Clandestine atomic spies from the Soviet Union, who infiltrated the Manhattan Project at various points during WWII, played a major role in increasing tensions that led to the Cold War.[135]

In addition to usual espionage, the Western agencies paid special attention to debriefing Eastern Bloc defectors.[141][citation not found] Edward Jay Epstein describes that the CIA understood that the KGB used "provocations", or fake defections, as a trick to embarrass Western intelligence and establish Soviet double agents. As a result, from 1959 to 1973, the CIA required that East Bloc defectors went through a counterintelligence investigation before being recruited as a source of intelligence.[142]

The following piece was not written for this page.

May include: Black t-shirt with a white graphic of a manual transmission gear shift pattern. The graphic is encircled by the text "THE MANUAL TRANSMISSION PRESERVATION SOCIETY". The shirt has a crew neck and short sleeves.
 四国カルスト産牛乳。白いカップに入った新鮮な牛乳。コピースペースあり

During the late 1970s and 1980s, the KGB perfected its use of espionage to sway and distort diplomacy.[143] Active measures were "clandestine operations designed to further Soviet foreign policy goals," consisting of disinformation, forgeries, leaks to foreign media, and the channeling of aid to militant groups.[144] Retired KGB Major General Oleg Kalugin, former head of Foreign Counter Intelligence for the KGB (1973–1979), described active measures as "the heart and soul of Soviet intelligence."[145]

During the Sino-Soviet split, "spy wars" also occurred between the USSR and PRC.[146]

Cominform and the Tito–Stalin Split

In September 1947, the Soviets created Cominform to impose orthodoxy within the international communist movement and tighten political control over Soviet satellites through coordination of communist parties in the Eastern Bloc.[120] Cominform faced an embarrassing setback the following June, when the Tito–Stalin split obliged its members to expel Yugoslavia, which remained communist but adopted a non-aligned position and began accepting financial aid from the United States.[147]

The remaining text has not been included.